DataRobot Ingress Reference Settings¶
Ingress in Kubernetes is an API object that manages external access to the services in a cluster, typically HTTP. For the Ingress resource to work, the cluster must have an ingress controller running. Cluster administrators are expected to select ingress controllers according to their requirements. There are dozens of ingress controllers available. Some controllers are maintained by the Kubernetes team (e.g., AWS, GCE, and Nginx controllers), while others are provided by third-party vendors.
DataRobot is compatible with a wide range of ingress controllers. Nginx Ingress, HAProxy Ingress, and OpenShift Ingress have been fully validated by the DataRobot team, but other controllers will also work as long as some basic requirements are met. These requirements are documented below.

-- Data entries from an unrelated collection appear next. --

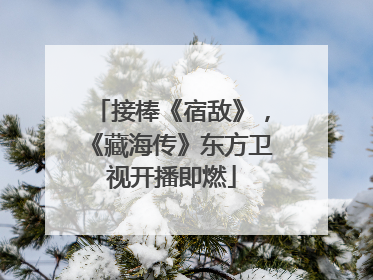 接棒《宿敌》，《藏海传》东方卫视开播即燃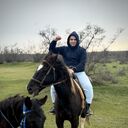 ���������� ���������, ���� ������� �����, 33 ����, ������������ ��� ������, ����� � ���������, c�������� ���������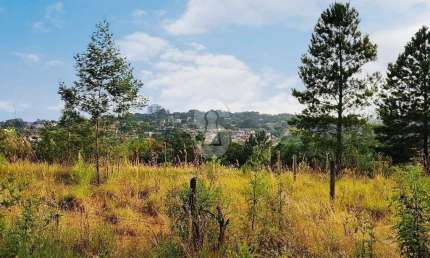 Terreno à venda no Campestre, São Leopoldo  por R$ 150.000
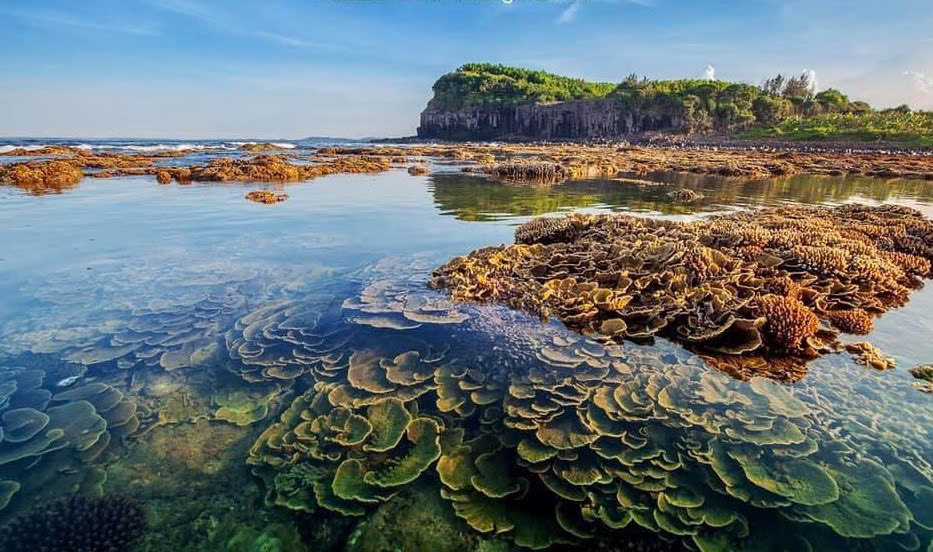 Khám phá thiên nhiên Quảng Ngãi
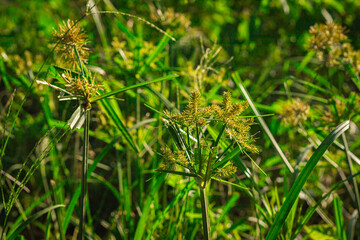 Wild grass with yellow-green flowers close up in natural field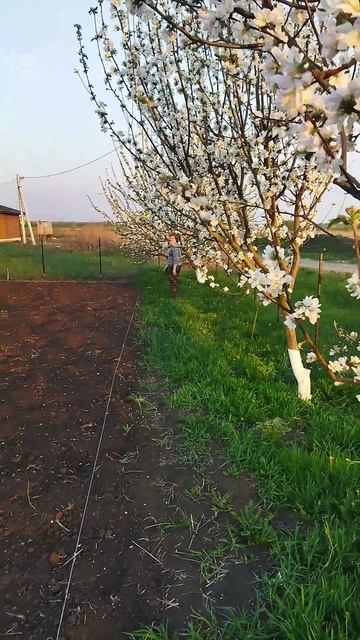 красота в цветах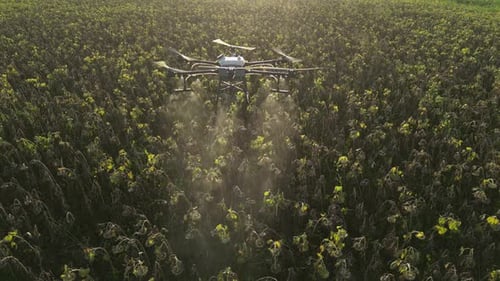 Agricultural Drone Spraying Sunflower Field 23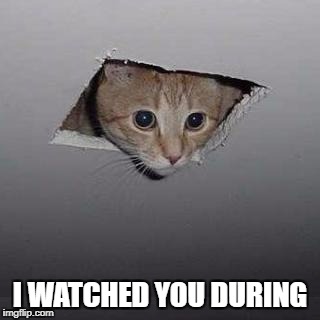 Ceiling Cat | I WATCHED YOU DURING | image tagged in memes,ceiling cat | made w/ Imgflip meme maker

If you don't know which ingress controller to pick, we recommend using Nginx Ingress.
Nginx Ingress Reference Settings¶
This section details the way DataRobot sets up the ingress-nginx controller using a helm chart. Client clusters may not use these exact settings, as each client will have its own administrator. This is provided as a reference and starting point for cluster admins who want to see how DataRobot does it.
Kubernetes provides extensive documentation about the controller here: https://github.com/kubernetes/ingress-nginx/tree/main/docs. This location includes user guides, examples, hardening recommendations, and many other details.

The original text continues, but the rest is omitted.